How to convert your data to jsonb?
05 Jun 2016“How to start” is always a difficult question, and jsonb
isn’t an exception.
Here are few notes about converting different types of data into jsonb
, that
someone can find useful.
Basically there are three possible cases of data conversion:
- Convert data from inside PostgreSQL
- Convert data from other database
- Convert plain data outside database
From inside PostgreSQL
First of all we shouldn’t forget we can build data in jsonb
format manually:
select '{"id": 1, "data": "aaa"}'::jsonb;
jsonb
--------------------------
{"id": 1, "data": "aaa"}
select jsonb_build_object('id', 1, 'data', 'aaa');
jsonb_build_object
--------------------------
{"id": 1, "data": "aaa"}
If we already have some relational data we can easy perform one-to-one conversion for both complex and simple data types:
select to_jsonb(timestamp '2016-06-05');
to_jsonb
-----------------------
"2016-06-05T00:00:00"
select to_jsonb(ARRAY[1, 2, 3]);
to_jsonb
-----------
[1, 2, 3]
select to_jsonb('id=>1, data=>"aaa"'::hstore);
to_jsonb
----------------------------
{"id": "1", "data": "aaa"}
Don’t forget that jsonb
is just a valid textual json, so all values will be
converted to number, string, boolean or null.

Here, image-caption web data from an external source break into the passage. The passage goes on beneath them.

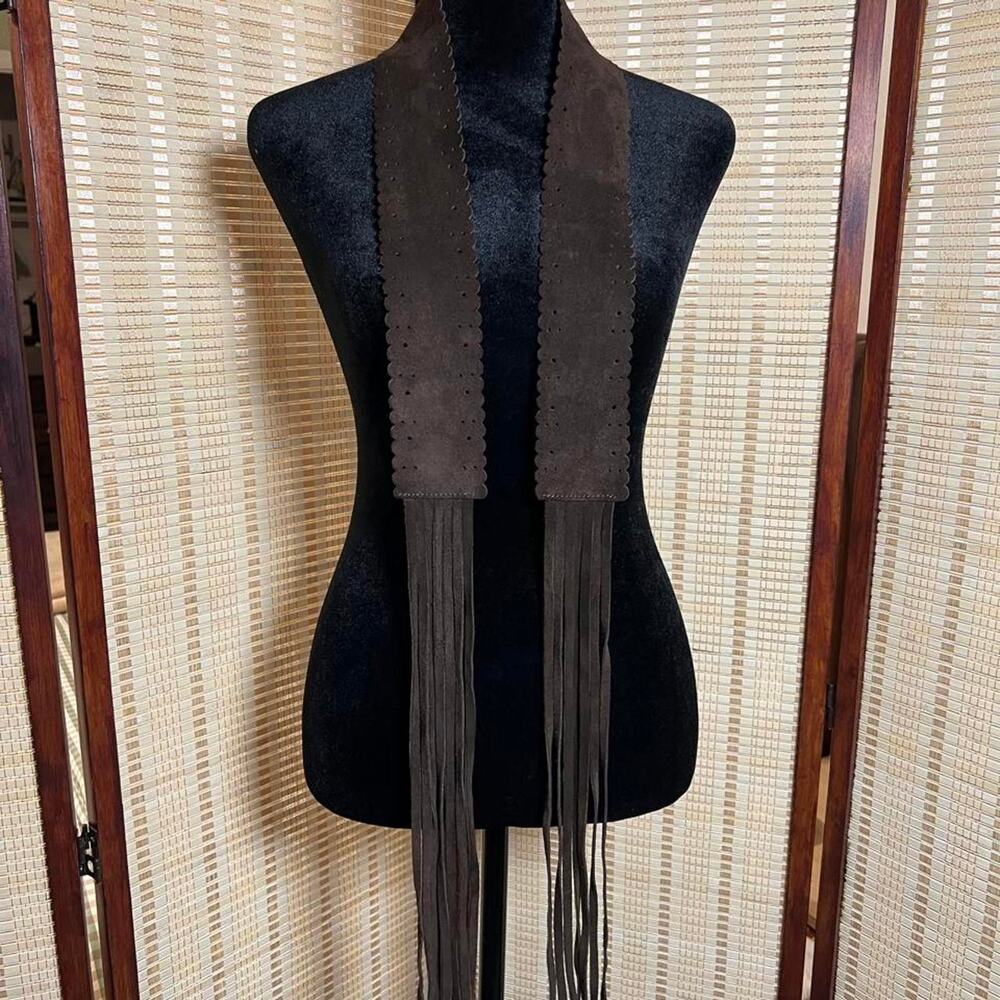Vintage Boho Suede Fringe Belt/Scarf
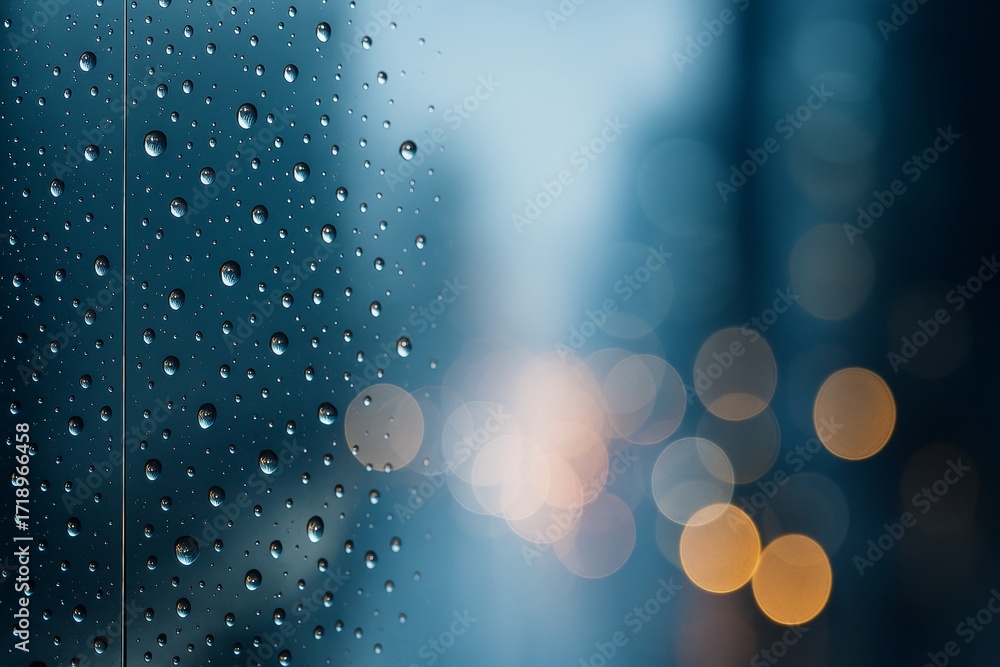 Poster raindrops on glass with bokeh lights in background creating abstract night city atmosphere and empty
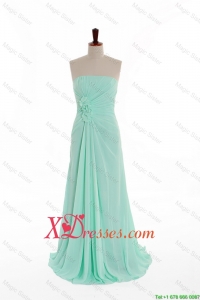 Cheap Summer Gorgeous Empire Strapless Prom Dresses with Hand Made Flowers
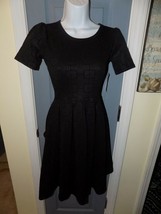Lularoe Black XO&#39;s  Design Amelia Dress W/Pockets Size XXS Women&#39;s NEW - £38.44 GBP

And if we want to produce a really complex and well-structured jsonb
document
from large amount of relational data, jsonb_agg
is our friend. This
function can transform a recordset into the format column_name: record_value
:
select jsonb_agg(query) from (
select id, data
from jsonb_table
) query;
jsonb_agg
------------------------------------------------------
[{"id": 1, "data": "aaa"}, {"id": 2, "data": "bbb"}]
From other database
Again there are two options how to import data from another database:
- Import right in the json format as plain data (see following section)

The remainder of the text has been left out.